编辑:天下发布时间:2022-02-04 08:24:24

杂交水稻之父”、中国工程院院士、“共和国勋章”获得者袁隆平,5月22日13点07分在湖南长沙逝世,享年91岁。袁隆平是我国研究与发展杂交水稻的开创者,也是世界上第一个成功利用水稻杂种优势的科学家,被誉为“杂交水稻之父”。直到今年年初,他还坚持在海南三亚南繁基地开展科研工作。

那些与我们同时代的光芒熠熠的人物,其实和伴随我们的日月星辰没什么区别,平时你总不大会时常想起他们,你总觉得他们永远会在。

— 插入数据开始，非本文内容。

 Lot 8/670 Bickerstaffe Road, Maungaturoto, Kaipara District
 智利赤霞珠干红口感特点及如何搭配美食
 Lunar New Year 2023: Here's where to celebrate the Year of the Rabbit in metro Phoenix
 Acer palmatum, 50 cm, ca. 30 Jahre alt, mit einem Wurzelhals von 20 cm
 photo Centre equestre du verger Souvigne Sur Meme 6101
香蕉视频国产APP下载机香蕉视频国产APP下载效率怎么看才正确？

然而他们却又和日月星辰不同,是西沉了就不再升起,划过天幕就不再回来。他的光芒照耀到的地方越多,你越会感到随着他们的离去,时代的一部分也随之定稿,后人翻阅时代的书页时,会清晰地看到这个天体陨落的注脚。

饿殍的震撼

在1960年前后,我们国家有三年自然灾害加上人祸,闹大饥荒。当时吃不饱饭,那真难受啊,也有饿死了人的!我至少亲眼看见5个人倒在路边、田埂边和桥底下,真的是路有饿殍!

那种凄惨的场景对我有很大的刺激,让我深切体会到了什么叫做“民以食为天”,深深感受到了粮食的重要性,没有粮食太可怕了!没有粮食,什么都谈不上,什么事情都干不成!粮食是生存的基本条件、战略物资。这对我触动很大,心灵受到震撼!

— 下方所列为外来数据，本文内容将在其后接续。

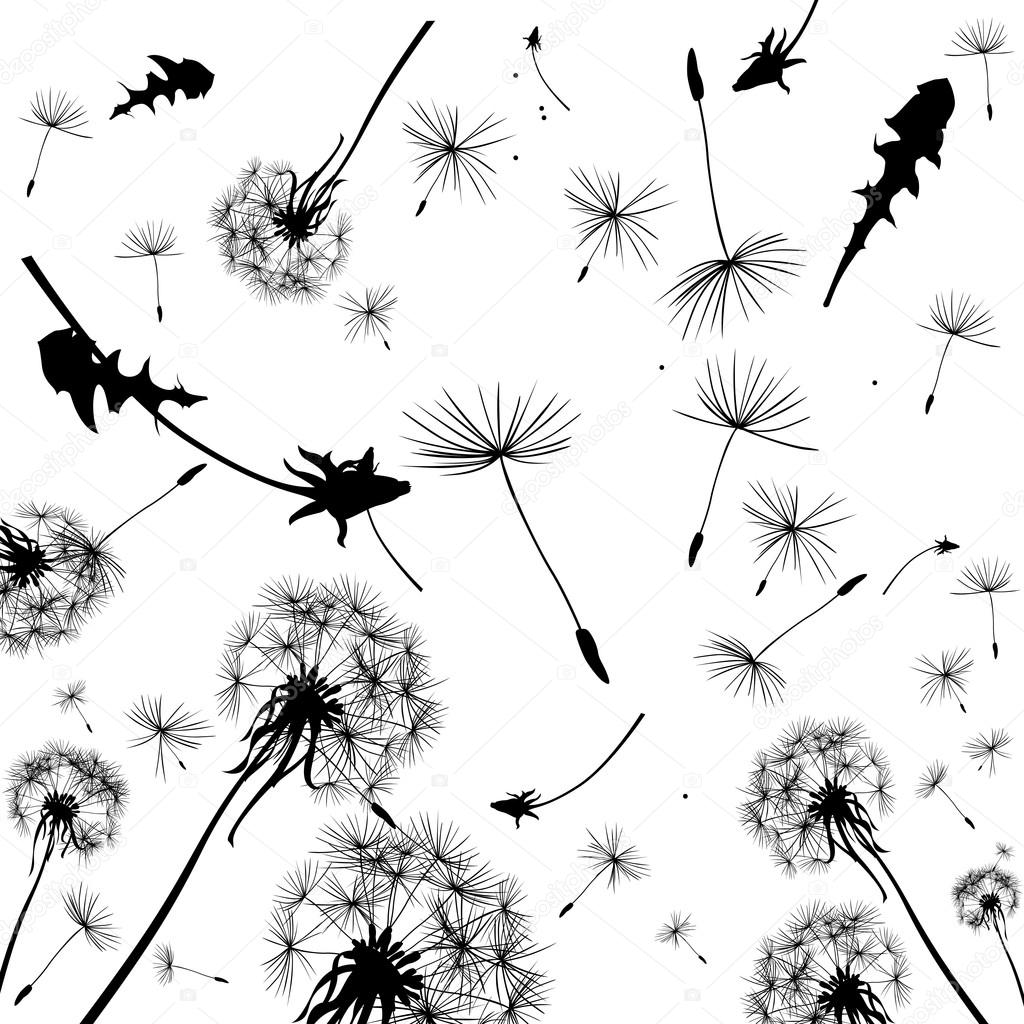 dandelions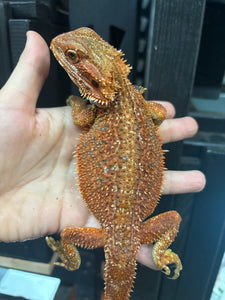 Dunner Male (Bogo)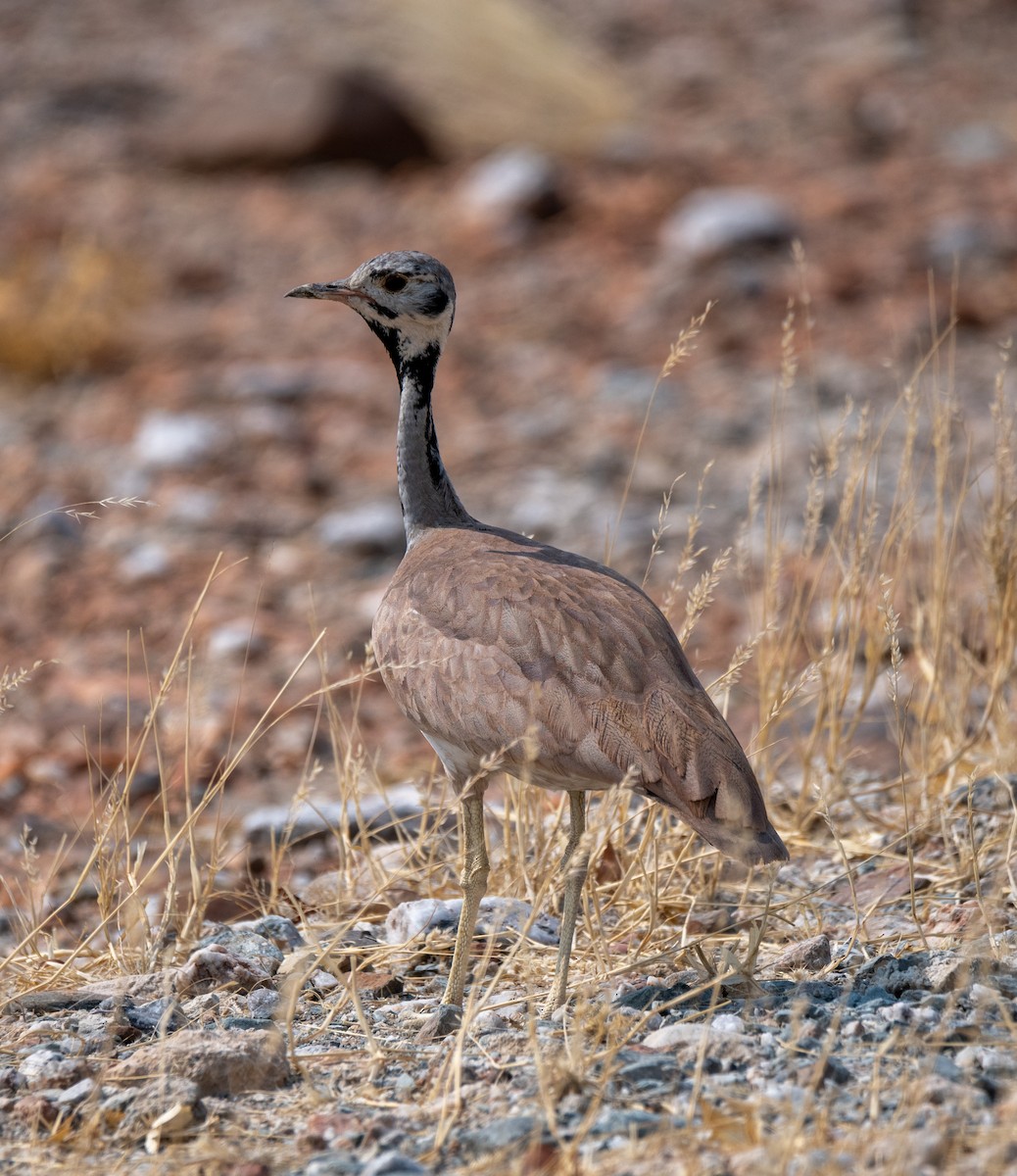 Rüppell's Bustard - ML500996871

身处困难时期,大家成天都想能好好吃饭,能吃饱饭。我曾做梦梦见吃饭时吃扣肉,醒来才知是南柯一梦。饿急了,有什么东西就吃什么东西,草根、树皮都吃。为了填肚子,那个时候搞什么增粮法——双蒸饭,就是把饭蒸两次,本来二两米蒸一碗饭,就蒸到一碗半那么大。有些还放了苏打,米饭就发了,像发馒头那样发很大。

但实际上干物质只有那么多,吃了很快就消化掉了,照样饿,而且饿得更快。有时候用米糠来替代,不仅越吃越饿,而且解不出大便。

我原本是整年游泳的,学校旁边就是沅江,一年四季游泳,都是横渡沅江,游过去游过来。即便是冬天气温-2℃,下雪,水温有9℃,我也游。但在1959、1960、1961年三年困难时期,因吃不饱饭,就中断了游泳。没有能量,你怎么游得动呢?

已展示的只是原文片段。